### TASK STATEMENT
Of the entries below, copy only those lines that contain the word "Snapshot".

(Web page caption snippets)

----------------------------------------

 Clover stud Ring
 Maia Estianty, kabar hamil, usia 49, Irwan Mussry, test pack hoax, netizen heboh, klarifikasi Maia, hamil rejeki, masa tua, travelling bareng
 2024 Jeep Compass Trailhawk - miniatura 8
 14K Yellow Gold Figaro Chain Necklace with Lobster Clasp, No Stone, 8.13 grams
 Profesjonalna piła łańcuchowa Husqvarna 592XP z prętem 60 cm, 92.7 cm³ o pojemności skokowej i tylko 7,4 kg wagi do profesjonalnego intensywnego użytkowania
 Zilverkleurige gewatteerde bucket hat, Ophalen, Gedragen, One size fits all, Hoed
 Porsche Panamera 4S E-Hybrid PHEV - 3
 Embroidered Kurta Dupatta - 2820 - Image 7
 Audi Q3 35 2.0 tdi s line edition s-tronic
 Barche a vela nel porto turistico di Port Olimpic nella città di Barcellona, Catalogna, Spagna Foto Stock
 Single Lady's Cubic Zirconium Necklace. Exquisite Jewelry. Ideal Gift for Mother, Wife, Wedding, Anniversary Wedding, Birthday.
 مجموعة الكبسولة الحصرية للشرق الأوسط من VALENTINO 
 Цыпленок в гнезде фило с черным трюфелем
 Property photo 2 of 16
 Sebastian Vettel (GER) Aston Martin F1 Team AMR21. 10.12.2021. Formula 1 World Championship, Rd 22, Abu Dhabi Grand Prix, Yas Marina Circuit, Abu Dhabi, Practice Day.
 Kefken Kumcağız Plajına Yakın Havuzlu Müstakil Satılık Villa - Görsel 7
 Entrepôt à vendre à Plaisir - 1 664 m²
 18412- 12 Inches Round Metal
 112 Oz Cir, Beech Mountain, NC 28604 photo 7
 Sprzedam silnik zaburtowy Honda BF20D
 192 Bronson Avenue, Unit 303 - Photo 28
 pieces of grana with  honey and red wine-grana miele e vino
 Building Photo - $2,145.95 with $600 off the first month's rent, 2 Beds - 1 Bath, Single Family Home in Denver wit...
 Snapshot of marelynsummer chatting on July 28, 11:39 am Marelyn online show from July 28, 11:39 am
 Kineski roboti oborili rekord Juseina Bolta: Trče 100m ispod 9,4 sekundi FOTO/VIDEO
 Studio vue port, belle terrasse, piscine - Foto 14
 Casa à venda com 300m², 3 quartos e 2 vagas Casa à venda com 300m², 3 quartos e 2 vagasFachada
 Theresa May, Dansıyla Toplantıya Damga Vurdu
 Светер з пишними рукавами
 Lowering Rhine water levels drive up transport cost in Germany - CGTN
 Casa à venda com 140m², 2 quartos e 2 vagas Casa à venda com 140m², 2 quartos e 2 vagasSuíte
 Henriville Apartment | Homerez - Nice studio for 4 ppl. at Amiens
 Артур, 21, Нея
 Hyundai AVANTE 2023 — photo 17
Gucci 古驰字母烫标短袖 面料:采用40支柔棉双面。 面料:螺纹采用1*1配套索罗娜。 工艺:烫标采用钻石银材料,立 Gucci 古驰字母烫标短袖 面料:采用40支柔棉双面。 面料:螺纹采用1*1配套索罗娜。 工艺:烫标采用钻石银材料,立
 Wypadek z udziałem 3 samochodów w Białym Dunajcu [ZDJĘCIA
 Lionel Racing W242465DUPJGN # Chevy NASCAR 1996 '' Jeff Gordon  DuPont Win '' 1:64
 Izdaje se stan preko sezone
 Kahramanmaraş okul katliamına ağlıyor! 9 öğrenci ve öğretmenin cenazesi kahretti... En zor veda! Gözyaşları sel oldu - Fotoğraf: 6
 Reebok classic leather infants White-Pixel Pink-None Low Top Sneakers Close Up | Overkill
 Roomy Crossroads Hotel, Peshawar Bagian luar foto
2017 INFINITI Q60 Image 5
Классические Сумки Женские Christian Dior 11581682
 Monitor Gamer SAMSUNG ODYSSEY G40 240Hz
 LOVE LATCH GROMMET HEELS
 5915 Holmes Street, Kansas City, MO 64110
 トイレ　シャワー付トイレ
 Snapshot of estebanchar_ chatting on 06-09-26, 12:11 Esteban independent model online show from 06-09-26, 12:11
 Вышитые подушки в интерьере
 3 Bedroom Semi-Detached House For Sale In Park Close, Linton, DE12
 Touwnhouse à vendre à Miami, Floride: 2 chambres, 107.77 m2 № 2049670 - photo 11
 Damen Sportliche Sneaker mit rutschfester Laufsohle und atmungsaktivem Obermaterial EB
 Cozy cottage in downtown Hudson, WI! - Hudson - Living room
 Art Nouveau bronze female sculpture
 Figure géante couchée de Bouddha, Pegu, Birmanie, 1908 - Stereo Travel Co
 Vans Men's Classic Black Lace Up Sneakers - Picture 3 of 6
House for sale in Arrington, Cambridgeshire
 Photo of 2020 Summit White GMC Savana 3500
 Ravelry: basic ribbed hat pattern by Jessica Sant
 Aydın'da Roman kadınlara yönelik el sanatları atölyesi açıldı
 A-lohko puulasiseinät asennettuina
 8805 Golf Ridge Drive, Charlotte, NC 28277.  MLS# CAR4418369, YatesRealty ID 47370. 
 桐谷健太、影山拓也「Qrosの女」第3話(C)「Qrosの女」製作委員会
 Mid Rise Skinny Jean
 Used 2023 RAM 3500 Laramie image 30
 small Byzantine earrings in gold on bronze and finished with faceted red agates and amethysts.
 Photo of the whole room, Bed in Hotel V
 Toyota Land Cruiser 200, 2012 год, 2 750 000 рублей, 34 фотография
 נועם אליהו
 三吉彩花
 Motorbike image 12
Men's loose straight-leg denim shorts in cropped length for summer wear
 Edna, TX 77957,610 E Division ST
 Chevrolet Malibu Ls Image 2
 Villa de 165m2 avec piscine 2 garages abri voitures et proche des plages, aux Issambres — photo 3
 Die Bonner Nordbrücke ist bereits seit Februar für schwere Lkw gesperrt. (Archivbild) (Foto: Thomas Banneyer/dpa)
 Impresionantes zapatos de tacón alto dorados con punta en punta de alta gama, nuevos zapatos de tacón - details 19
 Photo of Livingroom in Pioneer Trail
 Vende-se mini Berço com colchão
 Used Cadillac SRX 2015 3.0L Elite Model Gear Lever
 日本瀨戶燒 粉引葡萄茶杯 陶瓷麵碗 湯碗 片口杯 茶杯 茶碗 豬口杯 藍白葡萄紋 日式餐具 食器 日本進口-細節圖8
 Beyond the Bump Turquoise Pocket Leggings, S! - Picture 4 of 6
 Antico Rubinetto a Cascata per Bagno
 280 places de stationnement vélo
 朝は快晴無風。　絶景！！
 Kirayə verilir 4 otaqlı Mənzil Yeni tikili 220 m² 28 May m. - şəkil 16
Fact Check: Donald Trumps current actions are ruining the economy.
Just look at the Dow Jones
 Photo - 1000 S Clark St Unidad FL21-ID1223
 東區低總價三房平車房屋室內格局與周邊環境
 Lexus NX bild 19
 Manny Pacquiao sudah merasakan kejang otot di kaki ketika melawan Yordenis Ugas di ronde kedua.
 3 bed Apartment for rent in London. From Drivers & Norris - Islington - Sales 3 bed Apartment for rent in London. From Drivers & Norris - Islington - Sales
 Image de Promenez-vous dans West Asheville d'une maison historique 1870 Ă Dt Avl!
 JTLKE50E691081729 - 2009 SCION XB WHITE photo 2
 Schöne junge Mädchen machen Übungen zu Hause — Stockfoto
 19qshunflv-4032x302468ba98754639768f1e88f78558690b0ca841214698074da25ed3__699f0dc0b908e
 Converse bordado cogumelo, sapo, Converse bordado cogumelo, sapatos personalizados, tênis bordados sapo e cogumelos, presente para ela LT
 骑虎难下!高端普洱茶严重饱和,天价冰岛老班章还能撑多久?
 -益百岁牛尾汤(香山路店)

----------------------------------------

### REPLY TO THE EXERCISE
 Snapshot of marelynsummer chatting on July 28, 11:39 am Marelyn online show from July 28, 11:39 am
 Snapshot of estebanchar_ chatting on 06-09-26, 12:11 Esteban independent model online show from 06-09-26, 12:11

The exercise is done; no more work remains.